Usually when I'm trying to do this it's because I want to set my property or leave it at the default value. With the help of this answer and dynamic types we can easily create a string extension method to keep it one lined and simple.

public static dynamic ParseAny(this string text, Type type)
{
     var converter = TypeDescriptor.GetConverter(type);
     if (converter != null && converter.IsValid(text))
          return converter.ConvertFromString(text);
     else
          return Activator.CreateInstance(type);
}

Use like so;

bd.Budget = objReader[i].ToString().ParseAny(typeof(double));

// Examples
int intTest = "1234".ParseAny(typeof(int)); // Result: 1234
double doubleTest = "12.34".ParseAny(typeof(double)); // Result: 12.34
decimal pass = "12.34".ParseAny(typeof(decimal)); // Result: 12.34
decimal fail = "abc".ParseAny(typeof(decimal)); // Result: 0
string nullStr = null;
decimal failedNull = nullStr.ParseAny(typeof(decimal)); // Result: 0

Optional

On a side note, if that's an SQLDataReader you may also make use of GetSafeString extension(s) to avoid null exceptions from the reader.

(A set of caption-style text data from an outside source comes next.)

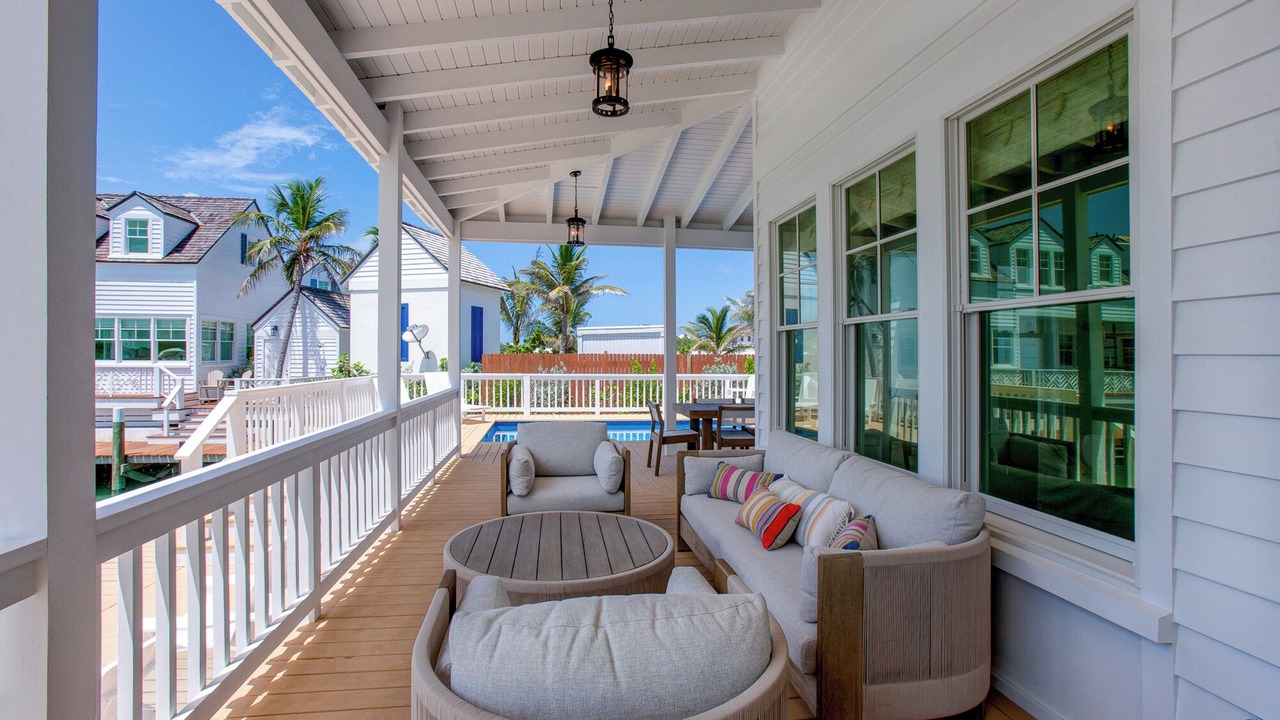 Photo of Patio Balcony in Lubbers Quarters Cay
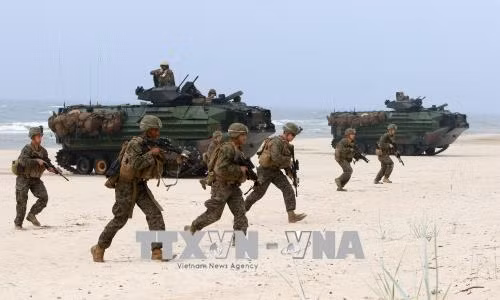 Nga cáo buộc NATO bố trí quân ngay sát biên giới ảnh 1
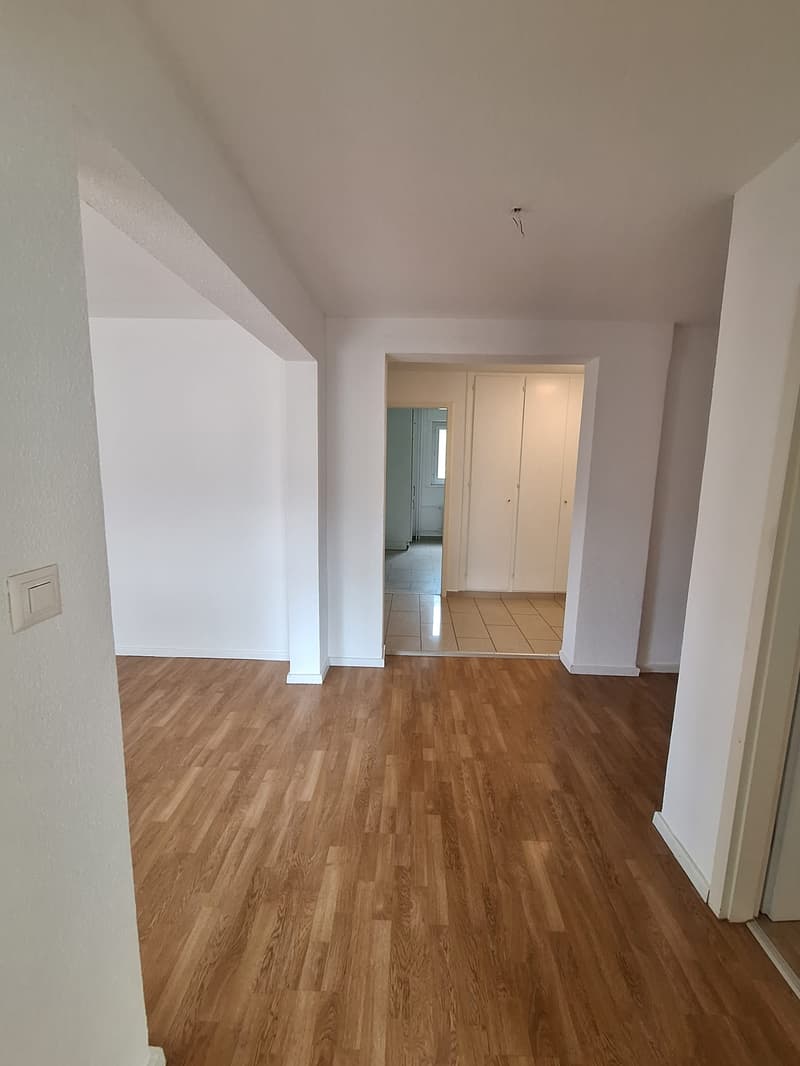 Spacieux appartement 4.5 pièces avec balcon au Locle (6)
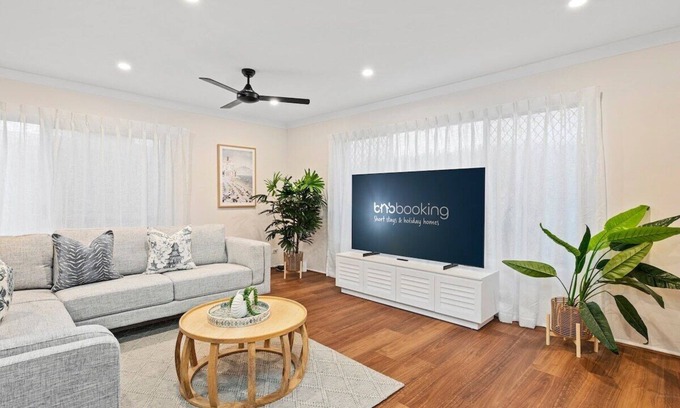 Southport House | Southport Oasis 6bd PoolCentral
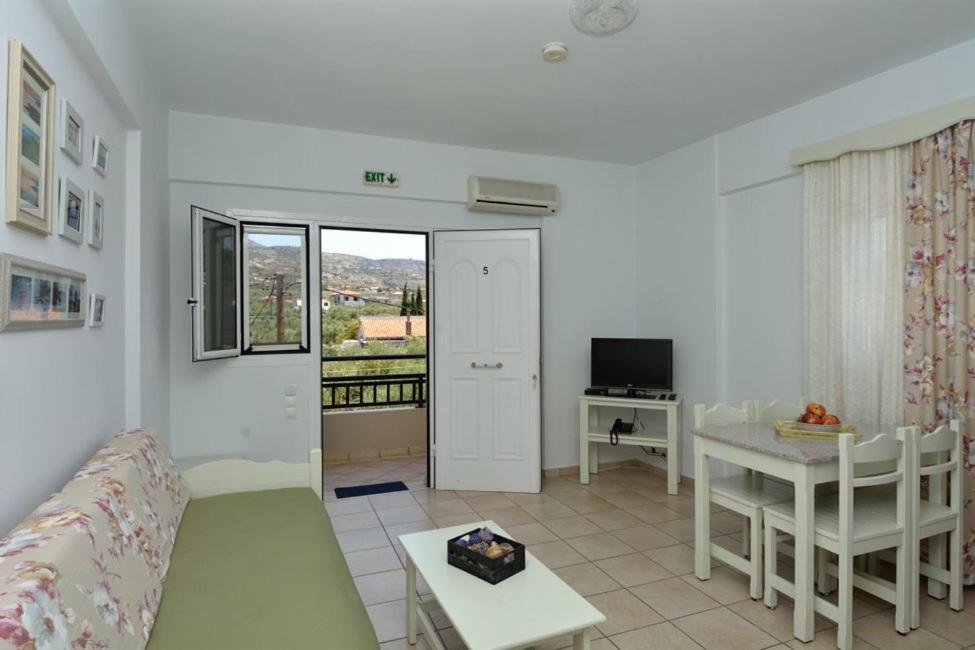 Bonos Apartments Stoúpa Exteriér fotografie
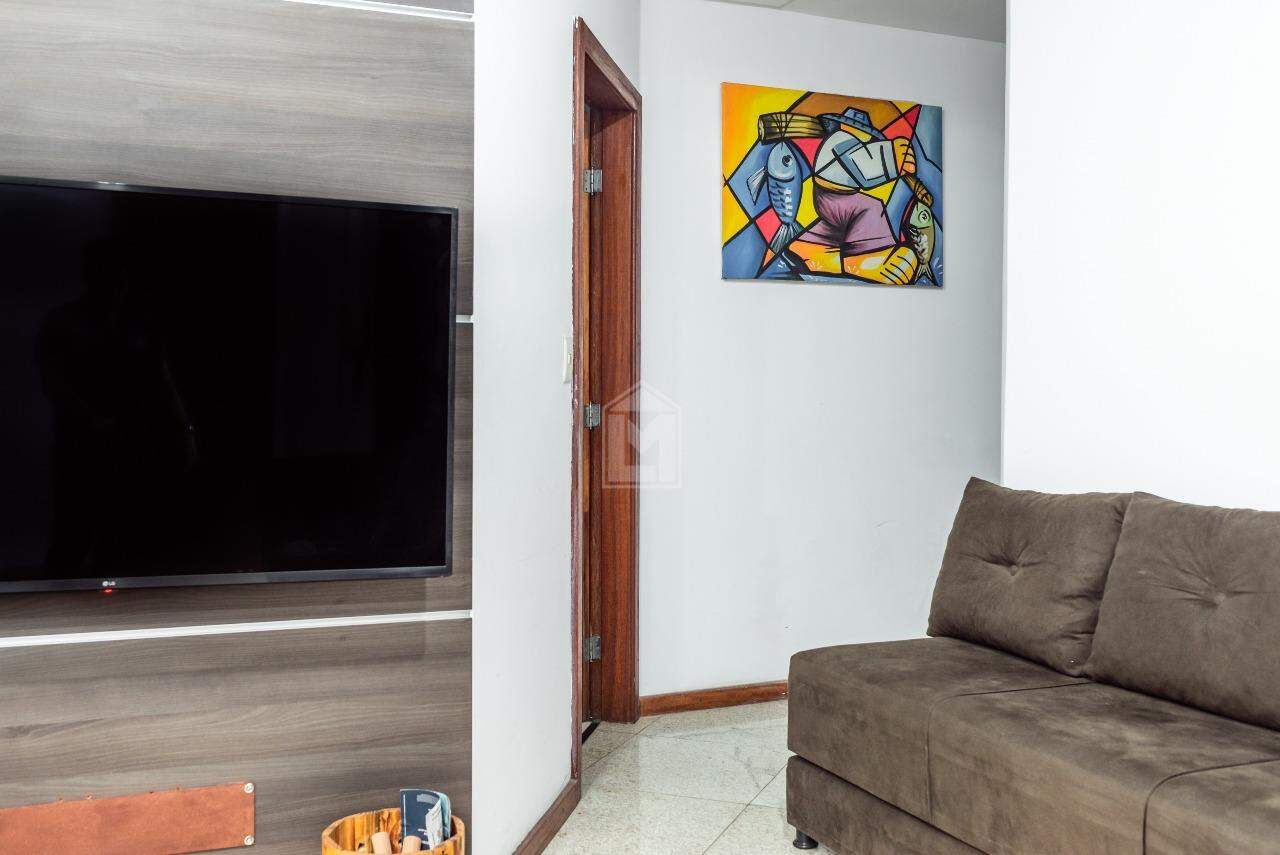 Casa à venda com 8 quartos, 320m² - Foto 20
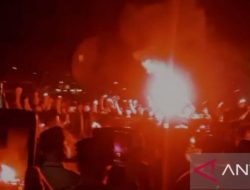 Ribuan Suporter Sriwijaya FC Gelar Malam Berkabung untuk Korban Tragedi Kanjuruhan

public static string GetSafeString(this SqlDataReader reader, int colIndex)
{
     if (!reader.IsDBNull(colIndex))
          return reader.GetString(colIndex);
     return string.Empty;
}

public static string GetSafeString(this SqlDataReader reader, string colName)
{
     int colIndex = reader.GetOrdinal(colName);
     if (!reader.IsDBNull(colIndex))
          return reader.GetString(colIndex);
     return string.Empty;
}

Use like so;

bd.Budget = objReader.GetSafeString(i).ParseAny(typeof(double));
bd.Budget = objReader.GetSafeString("ColumnName").ParseAny(typeof(double));


I had the same problem (5 minutes ago) and I solved it using old style properties with getter and setter, whose use variables. My code:

public List<int> bigField = new List<int>();
public List<int> BigField { get { return bigField; } set { bigField = value; } }

So, I just used bigField variable. I'm not the programmer, if I misunderstood the question, I'm really sorry.